One of EHIRC’s recent field invasions is Electronic Patient Record (EPR). Accordingly, everything administered to the patient is automatically updated on the system through a laptop near the patient—creating a paperless environment. EHIRC is virtually a paperless hospital, chuckles Singh, due to the extent of IT initiatives. Singh is also occupied implementing wireless technology in some of the hospital’s core areas for further connectivity simplicity. Two of hospital’s prime areas today have WLAN connectivity.

“Wireless can bring the records wherever and whenever the doctors want to use them, eventually cutting time on all the paper examination one ought to carry on before consulting a patient,” says Singh. EPR helps to prevent errors, enforce standards, make staff more efficient, simplify record keeping and improve patient care. In an effort to strengthen partnership with associate hospitals, he deployed videoconference and an ISDN based network connection.


Here, the Business comes next
“The moral is about how to improve hospital’s efficiency and not cut cost,” says Singh. As a corporate hospital, EHIRC’s approach leads with computerization as a first priority. Daily, there are approximately 35 angiographies and 20 surgeries, and EHIRC sees no margin for error with its technology system in place.
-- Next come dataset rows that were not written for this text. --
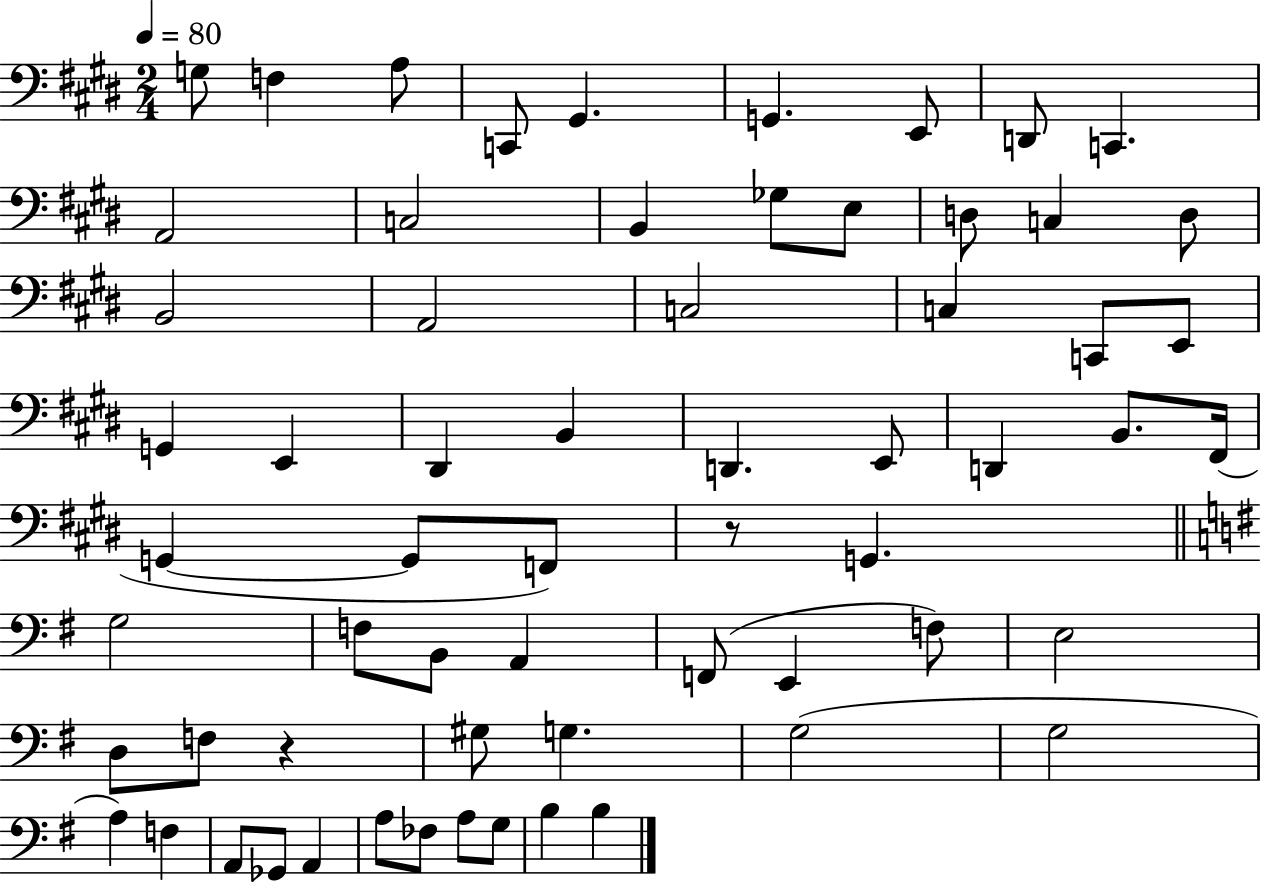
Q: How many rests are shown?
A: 2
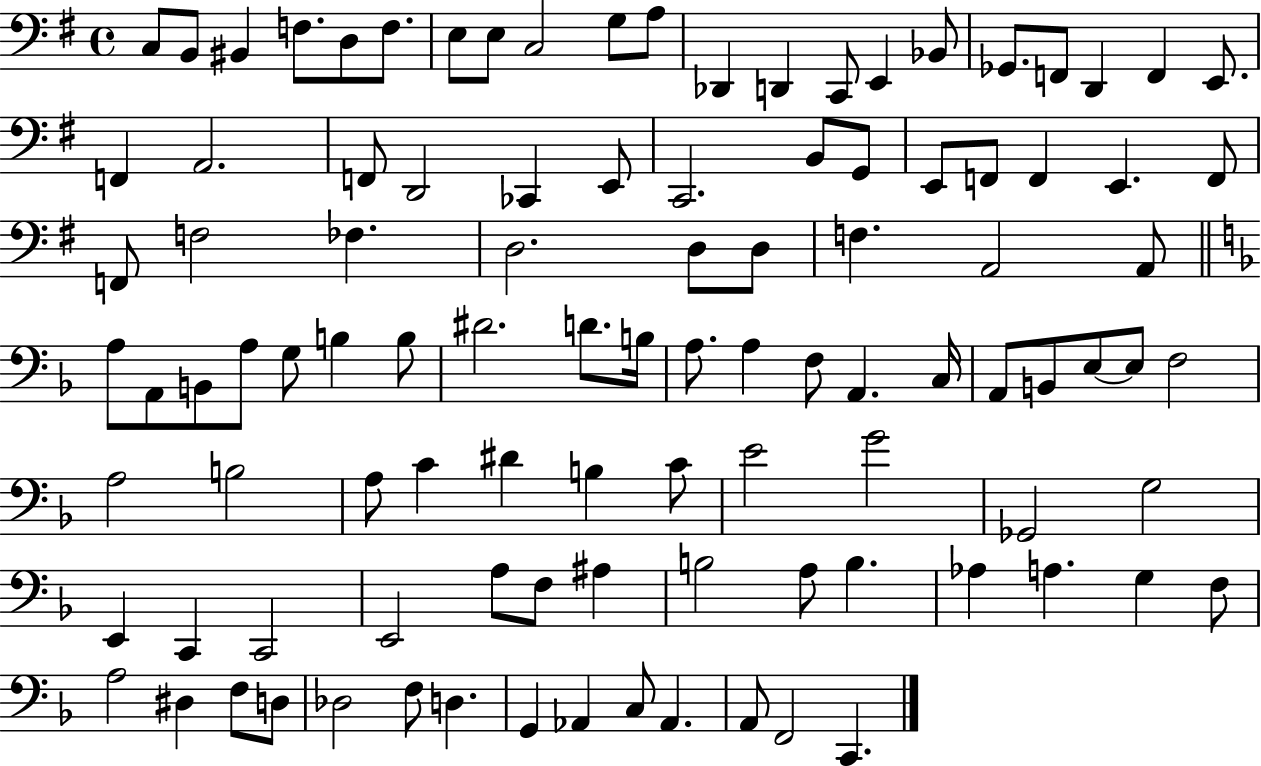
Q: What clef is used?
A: bass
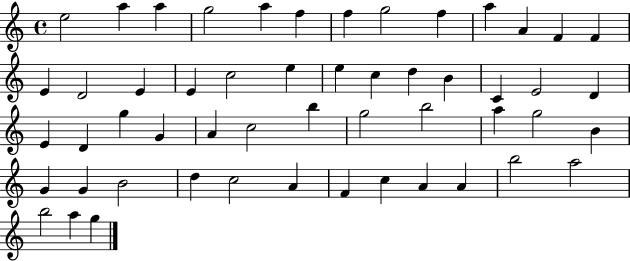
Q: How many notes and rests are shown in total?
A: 53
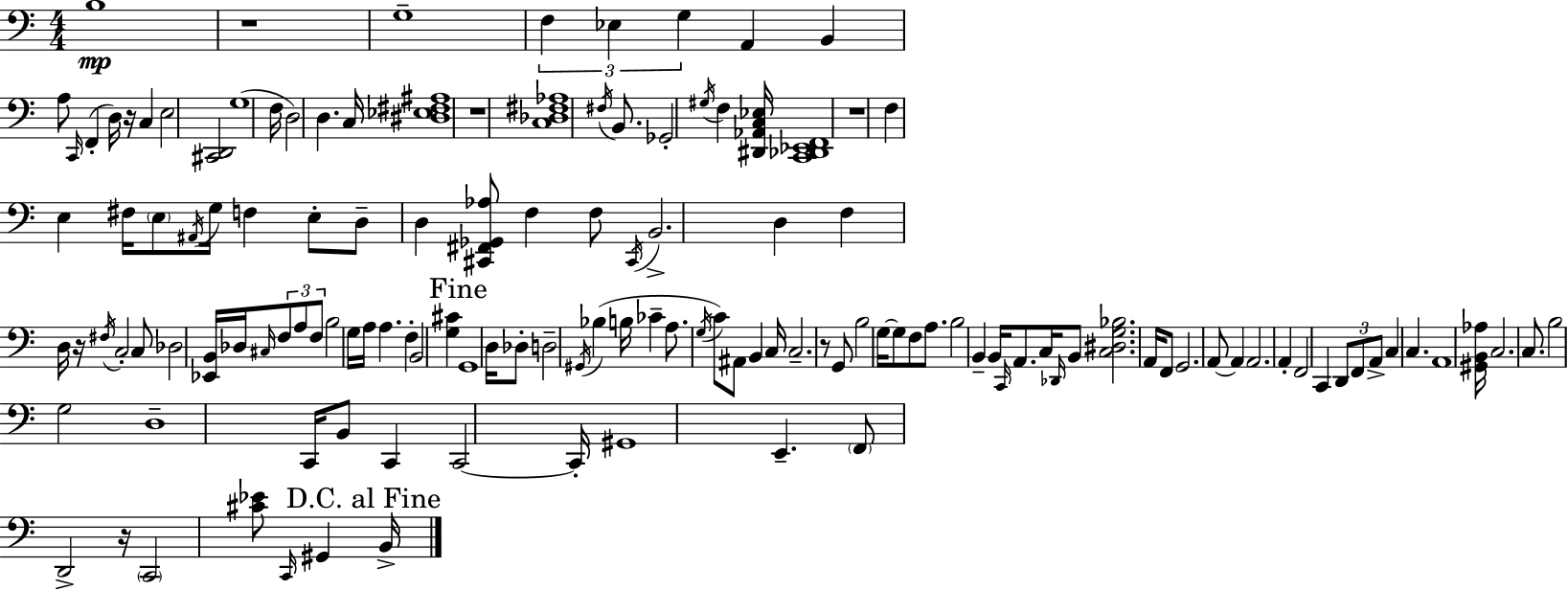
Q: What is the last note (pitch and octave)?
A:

Today, 100 OPD patients a day can be handled with only three staff members—who were ten until new-HIS implementation. After just a few hours of lab testing they can have the report online and can access a patient’s details by the press of a button. EHIRC’s barcode has also reduced diagnosis error due to frequent database monitoring and automatically avoiding any drug-intake mishaps. Drug interaction and blood transfusion have been effectively undertaken with no confusion among the nursing staff leading to bigger problems.

Implementation of wireless has made productivity sense in the workflow system and also relieved staff constraints.

However, a human-touch can never equate that of a machine-touch. Through IT you can perhaps delay the onset of ones illness or even extend ones lifespan, but isn’t physical contact and moral support the soothers of these delicate hearts? Singh concurs and explains: IT takes care of all the back end delivery while ultimately making way for doctors to spend more time with their patients.